TASK DIRECTIONS:
Could the records below please be retyped exactly, with their pictures left out?

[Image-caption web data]
=-=-=

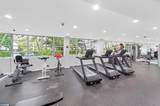 1408 Brickell Bay Dr - Photo 17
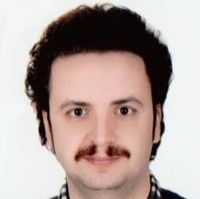 رضا احمدی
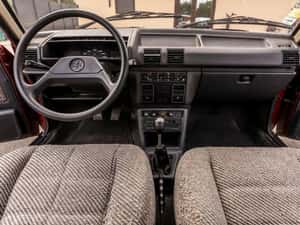 Peugeot 305 Speciale // 1.5 Benzina // 72cp // RetroMobil — miniatura 3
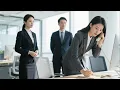 Download Lagu 女孩憑流利外語在職場逆襲,贏得女高管認可,人生大逆轉!💥 Chinese television dramas MP3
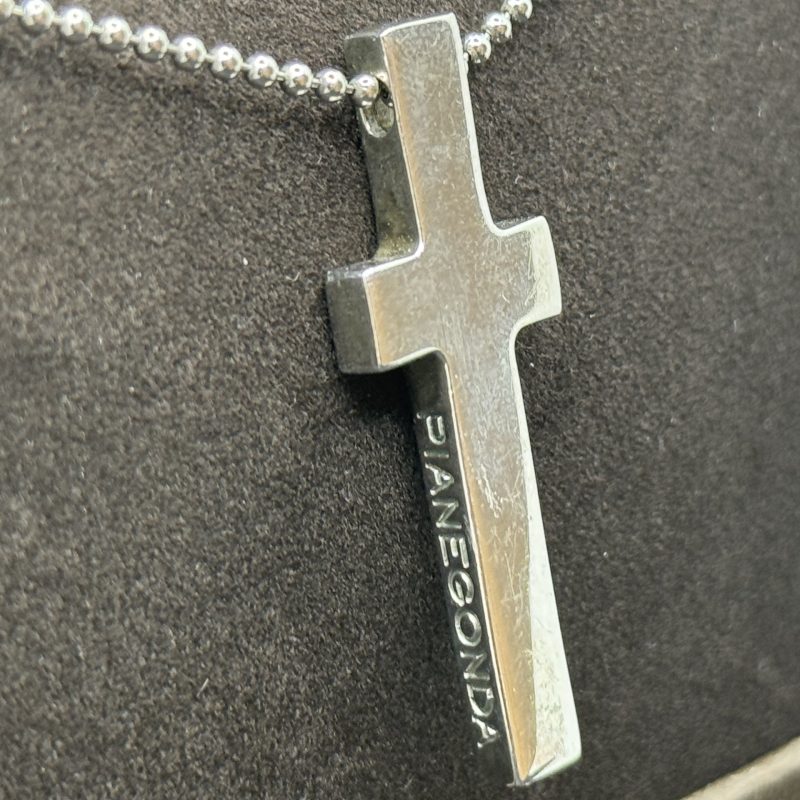 Collana Pianegonda CA010425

=-=-=

WRITTEN SOLUTION:
 1408 Brickell Bay Dr - Photo 17
 رضا احمدی
 Peugeot 305 Speciale // 1.5 Benzina // 72cp // RetroMobil — miniatura 3
 Download Lagu 女孩憑流利外語在職場逆襲,贏得女高管認可,人生大逆轉!💥 Chinese television dramas MP3
 Collana Pianegonda CA010425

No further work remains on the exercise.